I was recently talking with a young man about his 9/11 experience. I told him that I had worked on a Columbia University research project with the widows and families of the firefighters and how impressed I had been with their resilience and courage. Robert then told me the following story. It was just one of the amazing stories that show the good in people after 9/11. Robert was not in New York, or Washington, DC, on the morning of September 11, 2001. He was safely at home in his cozy Oregon kitchen, drinking coffee and getting ready for work, when he first heard the news, "The nation is under attack." Robert's younger brother, Max, enlisted in the Army immediately, and served three tours in Afghanistan before returning home. Robert knew that he was lucky to not have lost anyone he loved or knew personally hurt by the events of 9/11, but he still felt awful for two weeks before every anniversary.
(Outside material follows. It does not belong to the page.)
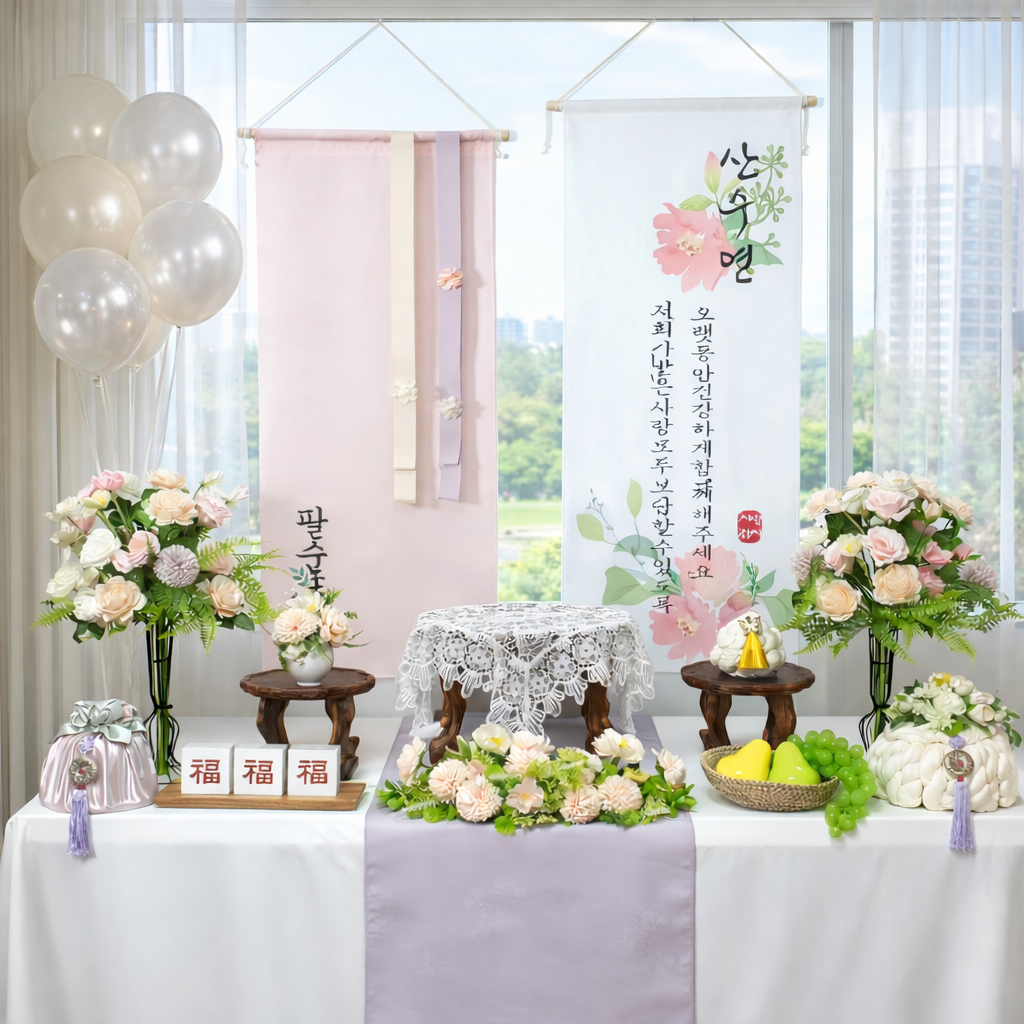 [당일발송가능] 팔순상차림 산수연 팔순상대여 셀프 80세 생신 잔치상 B06퍼플 - 상세 이미지 2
He had a hard time getting out of bed, and even though he knew it didn't help, he watched endless television retrospectives about the heroes and events of the day.
Robert was overwhelmed not just by the images on TV of the planes striking the buildings and people tumbling from skyscrapers in the endless retrospectives and documentaries shown in the week leading up to the anniversary. He was awed and devastated by the stories of unfathomable bravery, small twists of fate through missing a scheduled flight, people like Pasquale Buzzelli surviving the building's collapse by being in exactly the right place in the stairwell, and he was haunted by the thousands of unheard stories of people who were not so lucky.
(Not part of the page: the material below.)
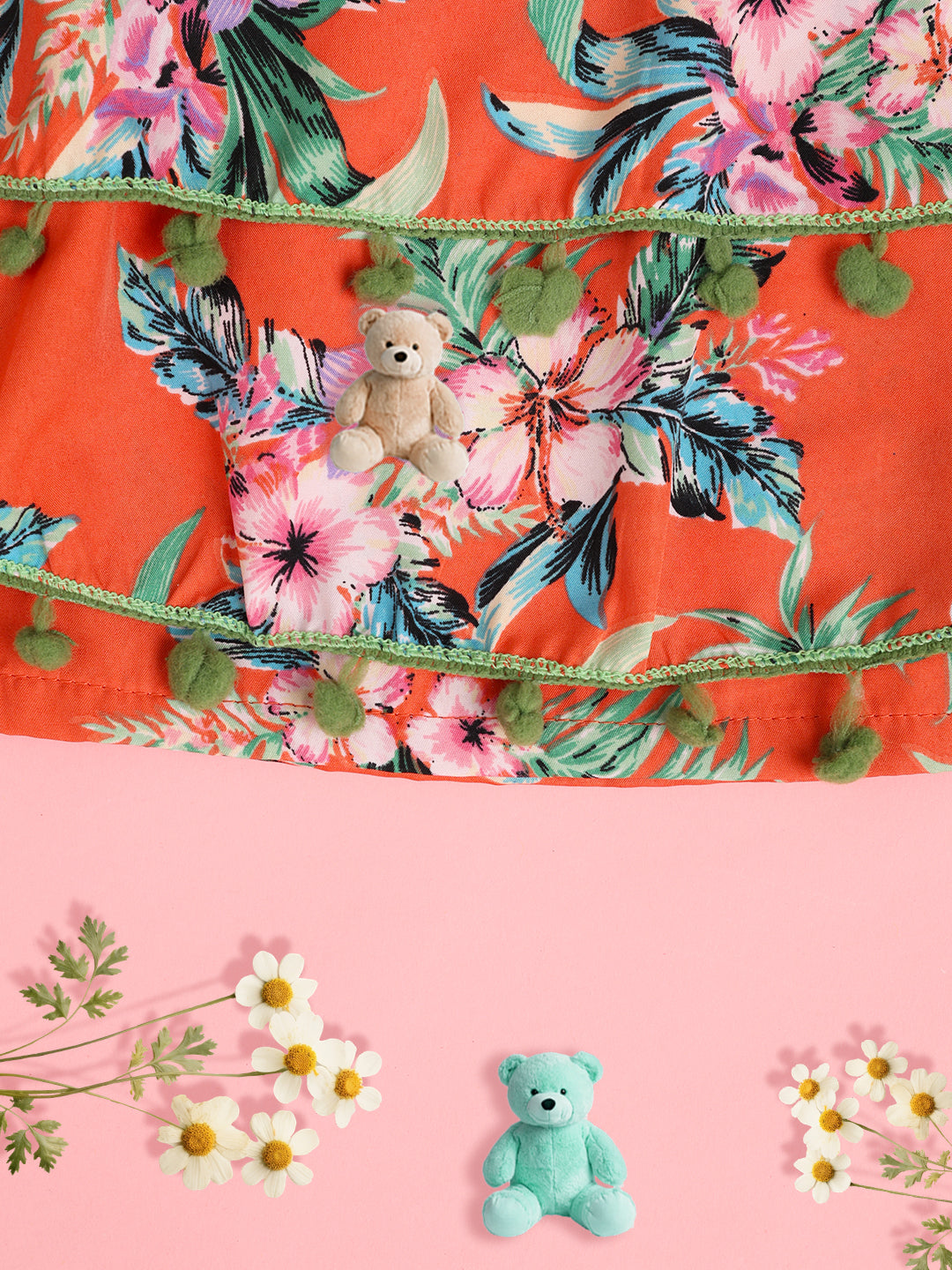 Cutiekins Girls Floral Print Embellished Top -Coral & Green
Everything about 9/11 made Robert feel vulnerable and afraid, an anxious state that started around Labor Day and lasted through mid-September. He talked to his brother, Max, about it. Max said that he felt helpless after the attacks, too, and added, "I couldn't just sit and wallow, asking 'Why?' I had to do something. Some buddies and I are going to work with Habitat for Humanity this year on 9/11, why don't you join us?" Robert agreed to go with them, and is looking forward to spending the day with his brother, making a lasting impact as he builds a new house for a family in need.
September 11 is now a National Day of Service when Americans come together like citizens did after the attacks. It is also a day to honor those like the first responders, and service members in the following years, who gave so much. Spending the day volunteering helps create something good out of the tragedy of 9/11.Tips for Coping with the Anniversary of 9/11
- Avoid the news for a few days. You will not miss much, and can avoid seeing images you might replay in your head.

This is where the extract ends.